A Briick Workflow runs the whole sequence as one job. Capture, qualify, segment, schedule, follow up. The AI agents handle the steps across voice, SMS, email and WhatsApp, and the workflow keeps the thread connected the whole way through so nothing gets dropped between channels.
Sitting across the top is Briicky, the AI Operator. Briicky is the voice-first layer that runs the conversation and hands off cleanly to a human when the job needs one. You run one workflow that knows what the last step did. No more managing six tools that don't talk to each other.
How to actually start
You don't roll this across the whole business on day one. That's how these projects end up underdelivering.
- Find the one process that's costing you the most. For most service businesses it's lead response or missed-call follow-up, because that's where money walks fastest.
- Write down how it should work, start to finish, before you automate anything. If you can't describe it cleanly, the agent can't run it cleanly.
- Automate that one workflow and leave everything else alone.
- Watch the numbers for two weeks. Response time, booking rate, cost per job.
- Once it's proving out, take the next most expensive process and repeat.
The businesses that win with this start with one thing that works and build from proof. The ones that bail tried to automate everything at once and called the whole idea broken when the mess got faster.
FAQ
How long does it take to set up?
A single workflow can be running within days. The honest answer depends on how clear your process already is. If you know exactly how lead response should work, setup is quick. If the process lives in someone's head, the first job is getting it out of their head and written down.
What about the tools I already use?
Keep them. A Briick Workflow sits across your CRM, your inbox and your phone system. The agents read and write to the tools you already run, so you connect what you already have.
What if my team doesn't trust it?
Fair, and they shouldn't trust it blindly.
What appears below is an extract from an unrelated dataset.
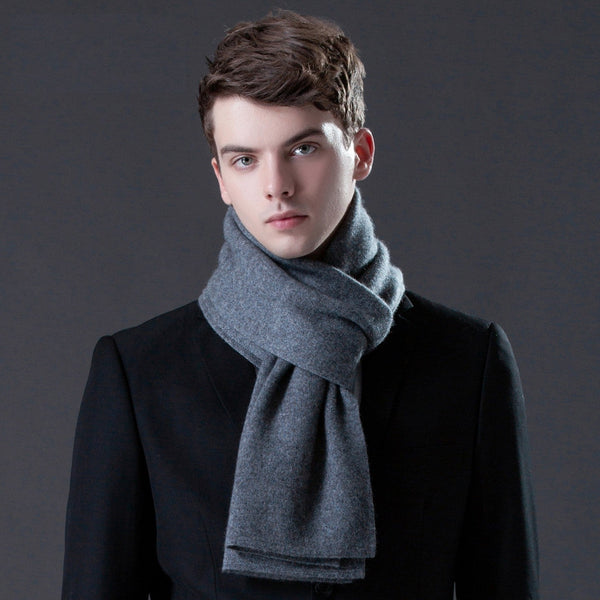 Formal Men Scarf Styles, Business Wool Scarf for Gentleman, Modern Casual Scarf Men, Men's Wool Scarf Winter, Men's Winter Scarf, Thick Wool Scarf for Men-Silvia Home Craft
Start it on one low-risk workflow where they can watch every action it takes. Trust comes from seeing it book the call correctly forty times in a row. Day one it won't be perfect. Nobody's first day on the job is.
Will this replace my staff?
It takes over the admin and keeps your people on the work only a person can do. The point is to move your team off the logging-and-chasing work and onto the conversations, the judgement calls, and the relationships. Most businesses grow into more volume on the same headcount.
How do I know if it's actually saving money?
Pick three numbers before you start: response time, booking rate, and cost per job. Track them for the workflow you automate. If they don't move inside a few weeks, the workflow was wrong, and that's fixable. Measure the one process first, then expand.
Where should I begin?
Whichever process is leaking the most money right now. For most service businesses that's the first reply to a new lead. Fix that one, prove it, then expand.
If you're working out where automation would pay off first, see how Briick approaches it.
TLDR Summary
- Two numbers decide a service business: what the work costs and how much gets done. AI is the first thing that pulls them apart.
- The hidden cost is the admin and follow-up that fills the day but pays nobody back. AI agents run that repeatable work automatically.
- On cost, McKinsey puts agentic AI's run-rate reduction at 20 to 40 percent on the routine work it automates. On output, McKinsey's 2026 research shows higher output per person and per dollar, with some businesses reporting execution up to fivefold faster.
- A lot of these projects underdeliver in year one, almost always because the business automated a broken process before fixing it.
- A Briick Workflow runs the whole sequence as one connected job across voice, SMS, email and WhatsApp, with @Briicky as the AI Operator. Start with the single most expensive process, prove it, then expand.